There’s a reason why these selections spring to mind: they sound good. And for those who’ve learned by watching other more experienced engineers go about their craft, they’ve heard the proof, dozens of times.

In a relatively short amount of time, the art of making a recording has evolved enough to produce clear operational structures and rigorous routines. Why? There’s a lot to remember. Keeping on top of a hundred small decisions can be really tough; getting lost in the minutia is unnervingly easy. Throw-in some troubleshooting, which inevitably happens with so many moving parts to contend with, and time has a tendency to slip away rather quickly. Therefore a shortcut to a reliable sound, with tried and tested microphones makes a lot of sense.
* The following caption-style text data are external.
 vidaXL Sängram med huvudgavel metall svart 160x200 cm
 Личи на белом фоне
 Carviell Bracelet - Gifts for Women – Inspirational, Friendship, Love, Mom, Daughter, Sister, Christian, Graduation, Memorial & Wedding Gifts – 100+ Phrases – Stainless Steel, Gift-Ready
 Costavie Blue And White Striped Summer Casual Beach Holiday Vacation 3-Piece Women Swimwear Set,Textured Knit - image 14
But if you can build a little bit of experimentation into your miking routine, without disturbing the flow of a session, you might elevate your sound from the reliable to the inspired.
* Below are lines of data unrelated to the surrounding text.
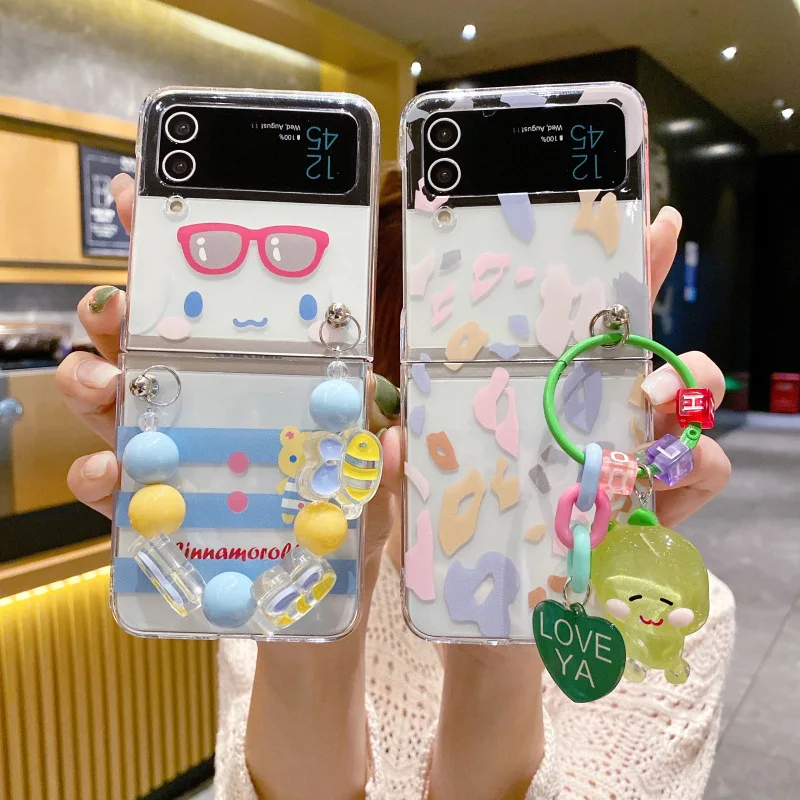 Z Flip 3 4 Cartoon Brille tragen Handy hülle für Samsung Z Flip4 Flip3 Anti-Klopf Clearr Cover Shell Galaxy PC Hardcase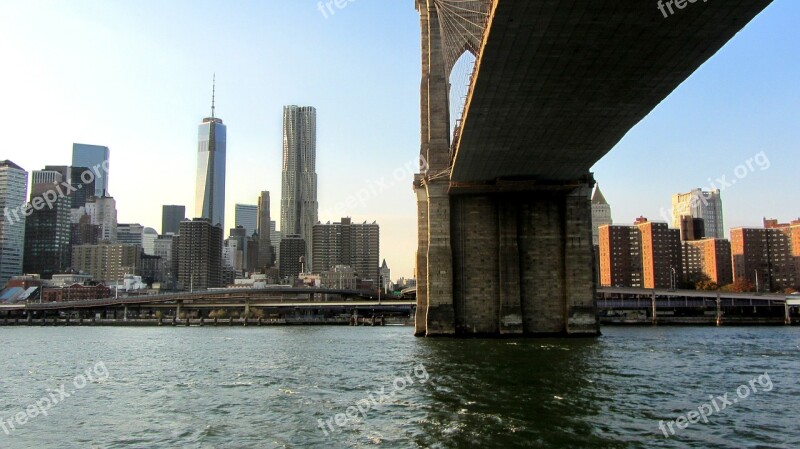 Brooklyn Bridge New York City Suspension Bridge East River Manhattan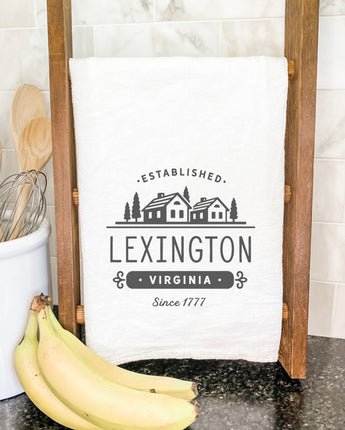 Simple Houses w/ City, State - Cotton Tea Towel
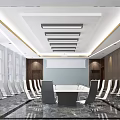 Modern Conference Room Interior Design With Large Table White Chairs Wooden Panels And Lighting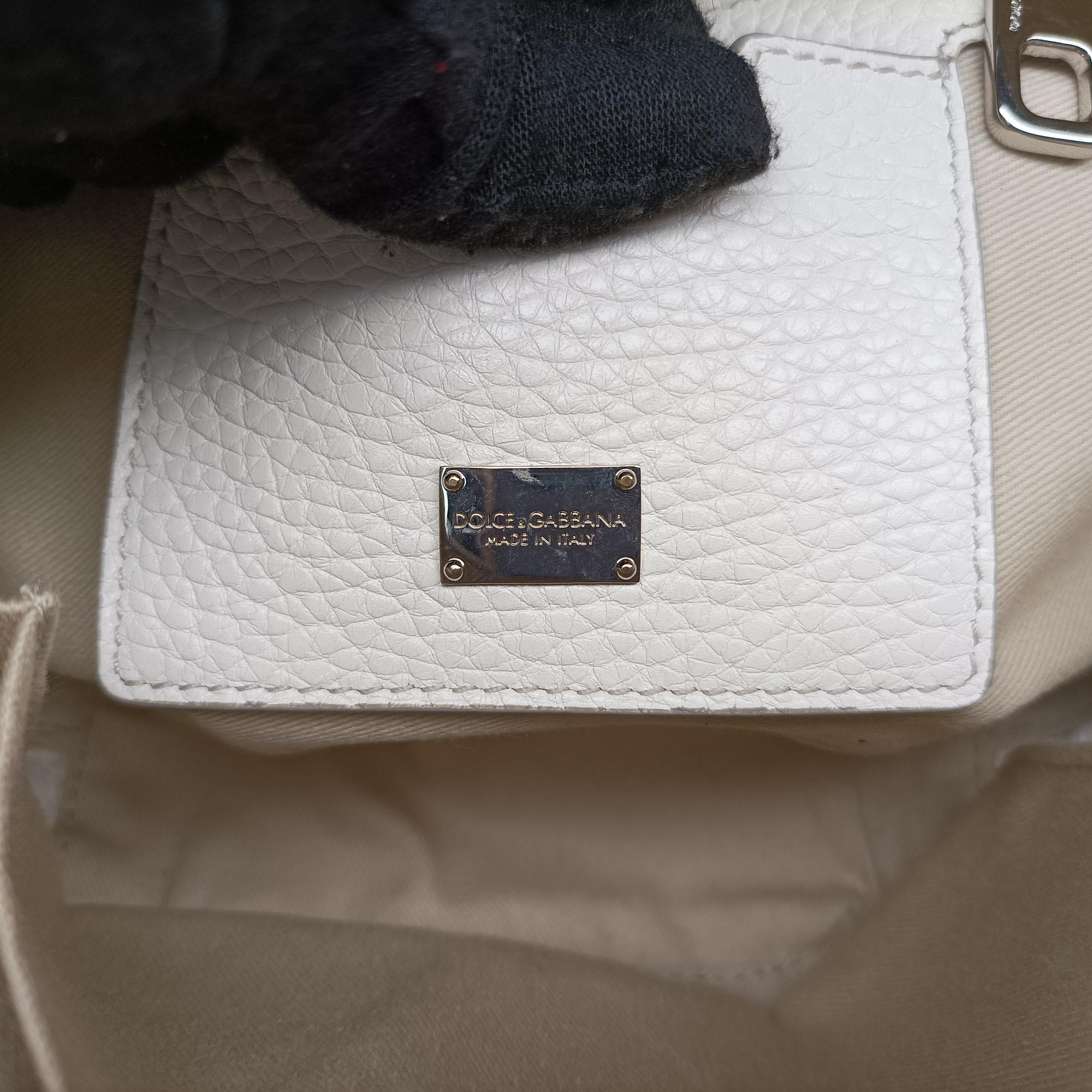 Pre-owned Dolce & Gabbana Flower Motif Rhinestone Lock WhitexMulticolour Leather  shoulderbag | stylenewstar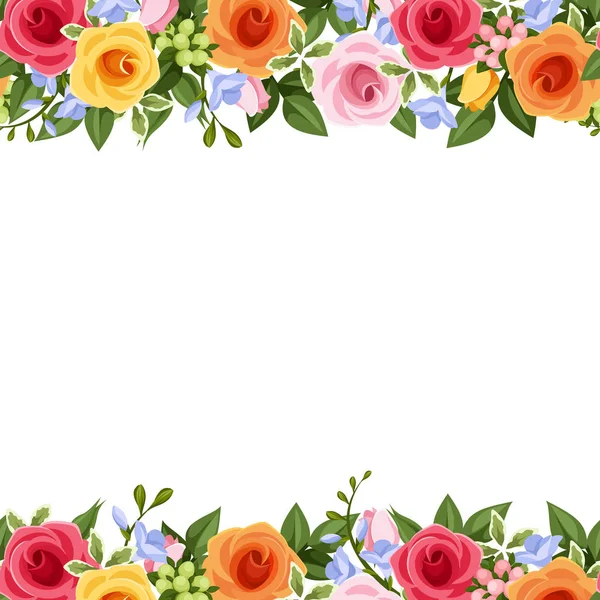 ピンク オレンジと黄色のバラ ブルー フリージアの花 白い背景に緑の葉を持つベクトル水平シームレス背景 — ストックベクタ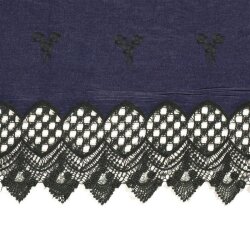 Jeansstoff mit Blumenstickerei - dunkelgrün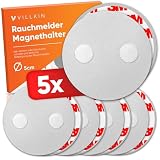 Villkin Rauchmelder Magnethalter - 5 Stück, ∅ 5cm - Magnetische Halterung für Feuer- und Rauchmelder ohne Bohren für alle Oberflächen - Schnelle und einfache Montage (5X, 5cm Durchmesser)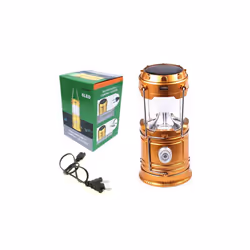 Portable Solar Charger Camping Lantern Lamp LED Outdoor Lighting Folding Camp Tent Lamp USB Rechargeable lantern - EU, gold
Alternate Options (Having a B-team)

Confident experimentation: hell yes!

Aimless thumb-twiddling: um, no thanks.

Having an alternative mic to your favourite for a particular job might save a lot of time and help you pull a unique and decisive tone. Quite simple to do really — when you’re making a mic list for a session, make sure you have one or two reserve mics for each channel (this method also provides the additional benefit of accounting for all your mics in a session and making sure you don’t run out of any particular type of microphone).
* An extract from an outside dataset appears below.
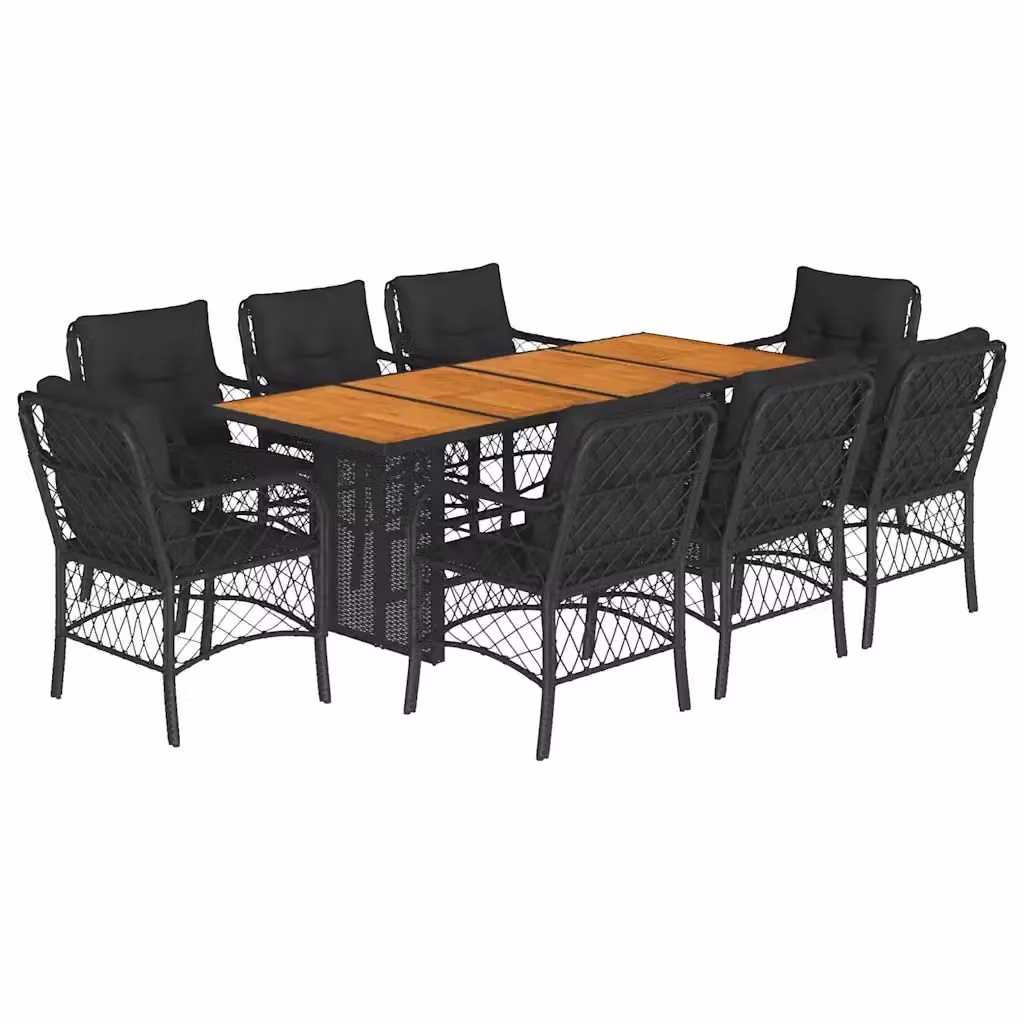 Set da pranzo da giardino vidaXL in polyrattan nero con tavolo in legno di acacia e 9 pezzi – 2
So when you get to a session and you realise that those small-diaphragm condensers that you usually use for drum overheads aren’t working the way you want them to, you’ll be ready to switch them out in a second, for say, a pair of darker ribbons. Incidentally, looking like a smooth operator in control of a potentially complicated situation instead of a frazzled and ultimately negative presence in the studio can inspire confidence in the artist and the rest of the production team.

Having an Abbey Road-sized mic locker isn’t a prerequisite for this approach either. Working with a modest pallet of microphones should still provide for at least some variety and lend character and conviction to the recording. It’s all about knowing what you have intimately and being empowered to make astute decisions.

Knowing The Specs of Your Microphones

Reading the manual is important in this case because knowing the specs will tell you how your microphone will behave in any given situation.

The two major specifications to look for in the manual for an unfamiliar mic is the frequency response and the polar pattern. The frequency response will show you which frequencies are translated in their truest form through the microphone.

For example, if the frequency response chart has a 0dB reading at 1 kHZ, that means that the microphone will not boost or cut that frequency. Therefore, you will hear a true representation of 1 kHz by using that microphone (acoustic environment notwithstanding).

In a broader sense, microphones that have a boost in their response will sound brighter to higher frequencies. For some applications – the human voice for example, where there is a high importance on clarity – that might be fit for purpose. Too much of a boost, however, and things can begin to sound harsh and unpleasantly ‘toppy’.

Electro-Voice RE20 microphone

To sum up, the more you understand the mic’s performance throughout the frequency spectrum, the more informed the choices you’ll be able to make when pairing it up with a sound source.

The polar pattern determines the directionality of a microphone: being aware of this characteristic is vital for the best placement of a mic in relation to any given sound source. The most common is the cardioid pattern, which is most sensitive at the front, least sensitive at the back with varying degrees of off-axis sensitivity.

Hypercardioid is like the cardioid, but narrower in its field of sensitivity, with a more marked rejection of off-axis sound. Omnidirectional responds equally to a 360-degree spectrum of sound and Figure 8 has an equal response from the front and rear, with severe rejection on the sides. Most microphones will have only one polar pattern available, but some can be switched and some have interchangeable capsules which change their patterns.

Knowing these two aspects of any microphone that you use will help you to make profitable judgements about their character and suitability. It’s well worth investing a small amount of time to understand these parameters thoroughly.

These approaches to microphone selection represent a beginning to recording a special sound. These tools are the first link in the signal chain and deserve attention and interest. As mentioned in the introduction, yes, they all essentially have the same job – to capture sound. But when you hear your recording played back to you, you should ask yourself, “is what I’m hearing a true representation of the sound?”

If the answer is no, going back and questioning your microphone choices is worth the time.